Nineteen Eighty-Four has successfully recreated the idea of hell and endowed it with an immediacy and significance which Milton and Dante (whose Divine Comedy Orwell was reading in the last year of his life) can no longer command. Though for us, unlike Dante and Milton, hell and its demons are a fable, Nineteen Eighty-Four, by transcending the limitations of the cultural and political context of its immediate origin, provides an objective correlative of this century’s ‘return to what our nineteenth-century ancestors would have called the standards of barbarism’. 5)

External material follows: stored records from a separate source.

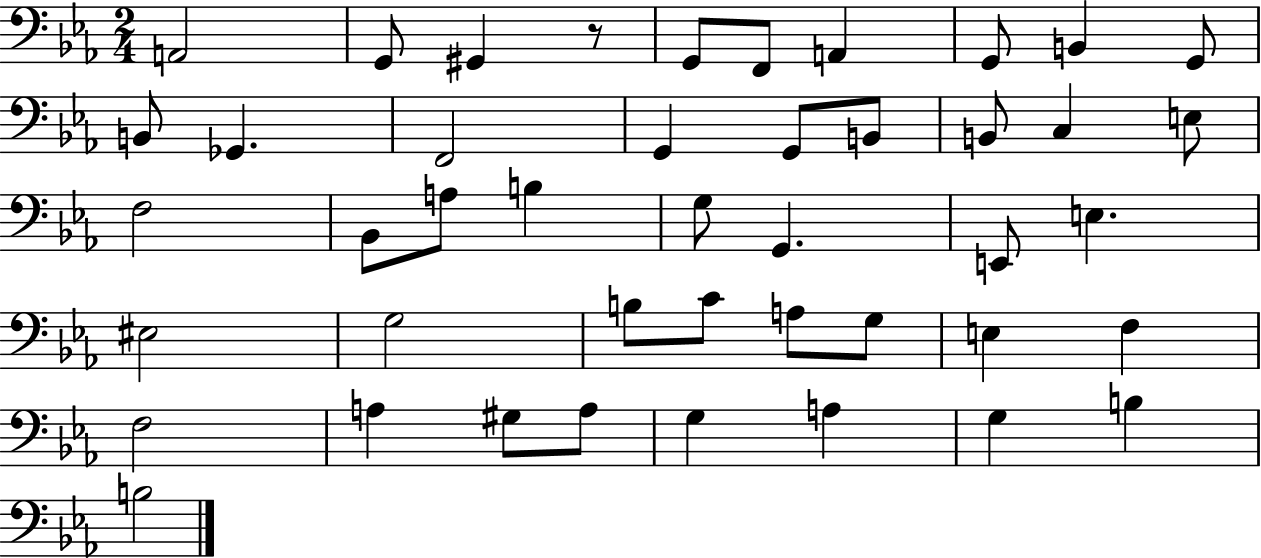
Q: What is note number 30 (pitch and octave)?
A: C4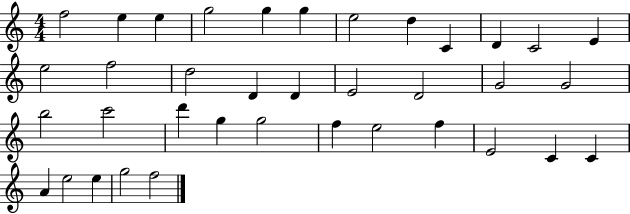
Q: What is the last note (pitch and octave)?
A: F5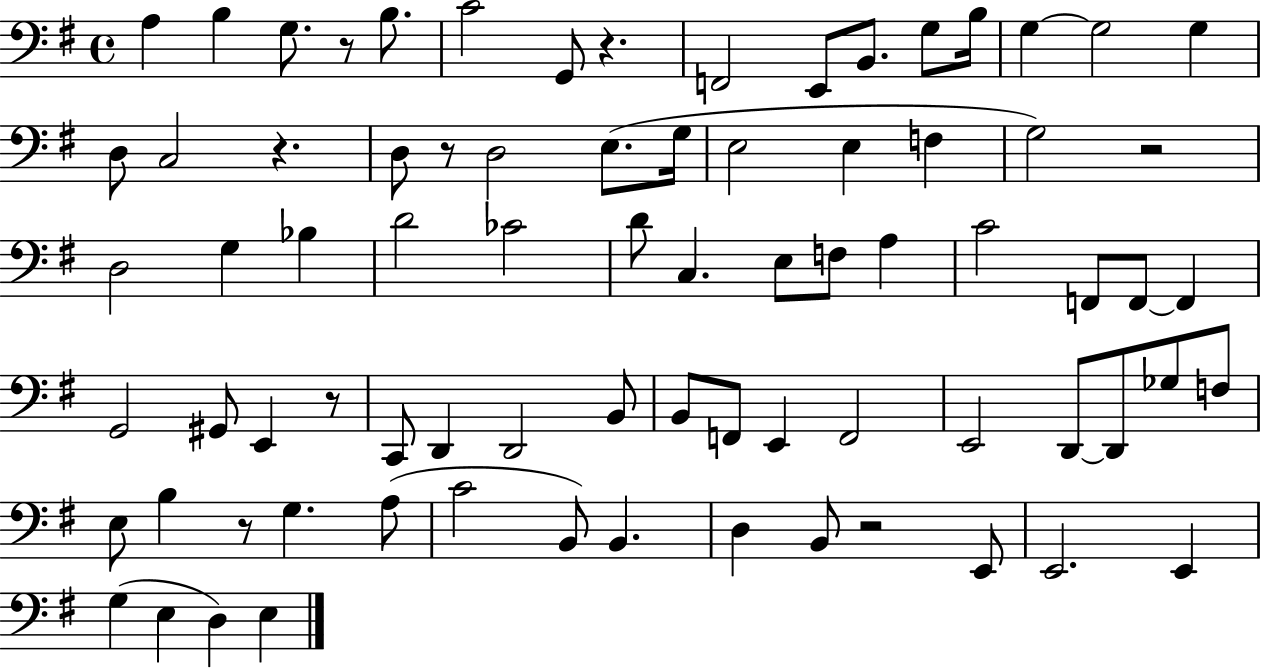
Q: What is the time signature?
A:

Millions of human beings have been the trapped and helpless victims of the pitiless, relentless and yet frequently insouciant cruelty of their fellows: on the ground or from the air. Fiends could scarcely have had more immediate power or behaved worse. In Nineteen Eighty-Four variations of the same inhuman civilization are represented as global (though their ideological bases are not necessarily the same) and the cruelty manifested by O’Brien has historical precedent.
His resemblance to an Inquisitor has been frequently remarked (though his electrical assaults on Winston’s brain are those of modern psychiatry) and the torture in Room 101 stretches from Imperial China to the late twentieth century where torture victims can be ‘exposed to the gnawing of rats through a tube inserted up the anus or vagina’. (16) That in Nineteen Eighty-Four the regime is in some sense Satanic has, of course, been widely perceived.
O’Brien has been compared to Mephistopheles the celebrant in his flat of a kind of Black Mass with wine, wafer and ritual. However, such parallels are clearly regarded as metaphorical. Alone among the interpreters of Nineteen Eighty-Four, the millennial fundamentalists have realised that actual demonic powers are involved. (17) For them Nineteen Eighty-Four is a depiction of the reign of Antichrist foretold in the First and Second Epistle of Peter and in Revelation, 13.
I am not claiming that Orwell consciously set out to give the regime demonic powers: indeed, part of the effect of the novel may well depend on neither author nor reader allowing themselves to be explicitly aware of it. Orwell may have been in unconscious collusion with the details of his own fiction as readers of the torture scenes have sometimes uneasily suspected. Anthony West’s approach to the novel reminds us how much of Orwell went into it: not only St.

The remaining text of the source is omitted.